> **Task to complete**
Reproduce each entry below exactly, without omitting any.

[Scraped caption text data]
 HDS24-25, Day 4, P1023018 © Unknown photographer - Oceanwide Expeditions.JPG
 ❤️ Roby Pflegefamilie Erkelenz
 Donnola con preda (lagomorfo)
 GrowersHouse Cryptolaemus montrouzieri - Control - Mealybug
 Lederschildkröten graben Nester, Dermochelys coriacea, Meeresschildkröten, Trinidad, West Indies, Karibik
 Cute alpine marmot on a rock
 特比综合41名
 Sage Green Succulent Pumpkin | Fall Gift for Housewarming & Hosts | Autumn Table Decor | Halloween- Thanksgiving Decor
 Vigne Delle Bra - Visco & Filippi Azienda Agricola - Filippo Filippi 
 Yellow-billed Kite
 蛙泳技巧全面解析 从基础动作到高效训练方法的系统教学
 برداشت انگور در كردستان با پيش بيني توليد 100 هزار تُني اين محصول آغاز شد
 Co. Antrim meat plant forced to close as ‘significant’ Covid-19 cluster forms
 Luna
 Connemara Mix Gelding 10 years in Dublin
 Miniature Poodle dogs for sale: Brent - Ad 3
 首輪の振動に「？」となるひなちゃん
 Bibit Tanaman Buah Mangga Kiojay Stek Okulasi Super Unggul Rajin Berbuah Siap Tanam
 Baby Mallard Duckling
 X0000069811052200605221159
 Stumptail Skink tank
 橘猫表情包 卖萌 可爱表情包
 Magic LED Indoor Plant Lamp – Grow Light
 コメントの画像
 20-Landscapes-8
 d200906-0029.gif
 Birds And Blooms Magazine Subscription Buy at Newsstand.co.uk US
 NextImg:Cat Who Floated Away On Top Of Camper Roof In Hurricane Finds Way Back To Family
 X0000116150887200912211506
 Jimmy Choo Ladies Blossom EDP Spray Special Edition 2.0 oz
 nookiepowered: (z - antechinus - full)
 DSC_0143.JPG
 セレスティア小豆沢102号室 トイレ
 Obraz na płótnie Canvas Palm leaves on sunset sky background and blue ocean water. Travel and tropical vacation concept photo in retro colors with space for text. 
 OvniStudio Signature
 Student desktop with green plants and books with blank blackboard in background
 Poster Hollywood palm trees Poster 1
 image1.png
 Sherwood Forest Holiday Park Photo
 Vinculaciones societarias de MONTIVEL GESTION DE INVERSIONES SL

> **Response to this exercise**
 HDS24-25, Day 4, P1023018 © Unknown photographer - Oceanwide Expeditions.JPG
 ❤️ Roby Pflegefamilie Erkelenz
 Donnola con preda (lagomorfo)
 GrowersHouse Cryptolaemus montrouzieri - Control - Mealybug
 Lederschildkröten graben Nester, Dermochelys coriacea, Meeresschildkröten, Trinidad, West Indies, Karibik
 Cute alpine marmot on a rock
 特比综合41名
 Sage Green Succulent Pumpkin | Fall Gift for Housewarming & Hosts | Autumn Table Decor | Halloween- Thanksgiving Decor
 Vigne Delle Bra - Visco & Filippi Azienda Agricola - Filippo Filippi 
 Yellow-billed Kite
 蛙泳技巧全面解析 从基础动作到高效训练方法的系统教学
 برداشت انگور در كردستان با پيش بيني توليد 100 هزار تُني اين محصول آغاز شد
 Co. Antrim meat plant forced to close as ‘significant’ Covid-19 cluster forms
 Luna
 Connemara Mix Gelding 10 years in Dublin
 Miniature Poodle dogs for sale: Brent - Ad 3
 首輪の振動に「？」となるひなちゃん
 Bibit Tanaman Buah Mangga Kiojay Stek Okulasi Super Unggul Rajin Berbuah Siap Tanam
 Baby Mallard Duckling
 X0000069811052200605221159
 Stumptail Skink tank
 橘猫表情包 卖萌 可爱表情包
 Magic LED Indoor Plant Lamp – Grow Light
 コメントの画像
 20-Landscapes-8
 d200906-0029.gif
 Birds And Blooms Magazine Subscription Buy at Newsstand.co.uk US
 NextImg:Cat Who Floated Away On Top Of Camper Roof In Hurricane Finds Way Back To Family
 X0000116150887200912211506
 Jimmy Choo Ladies Blossom EDP Spray Special Edition 2.0 oz
 nookiepowered: (z - antechinus - full)
 DSC_0143.JPG
 セレスティア小豆沢102号室 トイレ
 Obraz na płótnie Canvas Palm leaves on sunset sky background and blue ocean water. Travel and tropical vacation concept photo in retro colors with space for text. 
 OvniStudio Signature
 Student desktop with green plants and books with blank blackboard in background
 Poster Hollywood palm trees Poster 1
 image1.png
 Sherwood Forest Holiday Park Photo
 Vinculaciones societarias de MONTIVEL GESTION DE INVERSIONES SL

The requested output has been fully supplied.